XVI. But those who forget the
past, neglect the present, and fear for the future have a life that is very
brief and troubled; when they have reached the end of it, the poor wretches
perceive too late that for such a long while they have been busied in doing
nothing. Nor because they sometimes invoke death, have you any reason to think
it any proof that they find life long. In their folly they are harassed by
shifting emotions which rush them into the very things they dread; they often
pray for death because they fear it.
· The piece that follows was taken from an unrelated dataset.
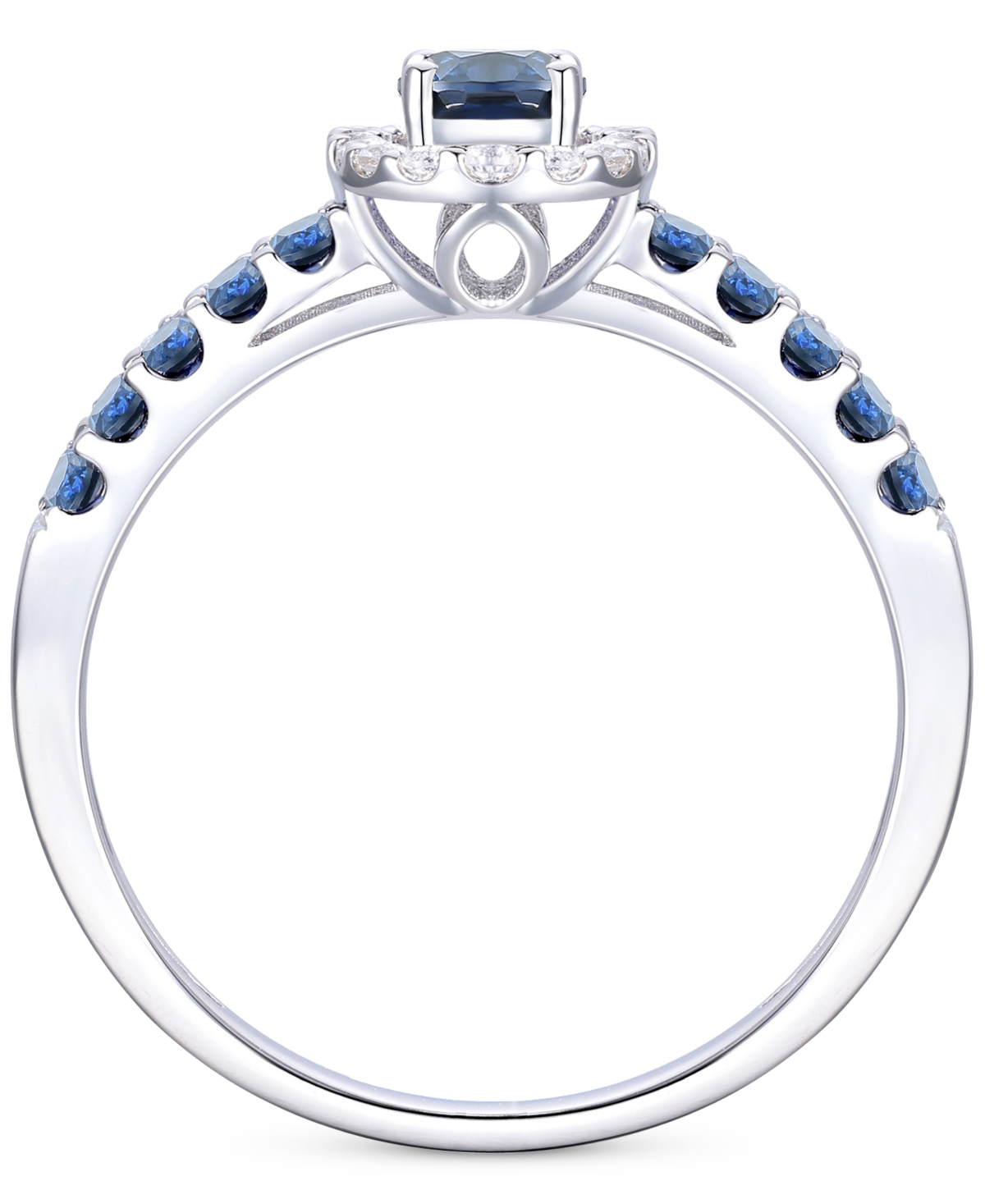 Lab Grown(1 ct. t.w.) & Diamond (1/6 ct. t.w.) Oval Halo Ring in 14k White Gold (Also available in Ruby) - Sapphire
And, too, you have no reason to think that
this is any proof that they are living a long time—the fact that the day often
seems to them long, the fact that they complain that the hours pass slowly
until the time set for dinner arrives; for, whenever their engrossments fail
them, they are restless because they are left with nothing to do, and they do
not know how to dispose of their leisure or to drag out the time. And so they strive
for something else to occupy them, and all the intervening time is irksome;
exactly as they do when a gladiatorial exhibition\b is been announced, or when
they are waiting for the appointed time of some other show or amusement, they
want to skip over the days that lie between. All postponement of something they
hope for seems long to them. Yet the time which they enjoy is short and swift,
and it is made much shorter by their own fault; for they flee from one pleasure
to another and cannot remain fixed in one desire. Their days are not long to
them, but hateful; yet, on the other hand, how scanty seem the nights which
they spend in the arms of a harlot or in wine! It is this also that accounts
for the madness of poets in fostering human frailties by the tales in which
they represent that Jupiter under the enticement of the pleasures of a lover
doubled the length of the night. For what is it but to inflame our vices to
inscribe the name of the gods as their sponsors, and to present the excused
indulgence of divinity as an example to our own weakness? Can the nights which
they pay for so dearly fail to seem all too short to these men? They lose the
day in expectation of the night, and the night in fear of the dawn.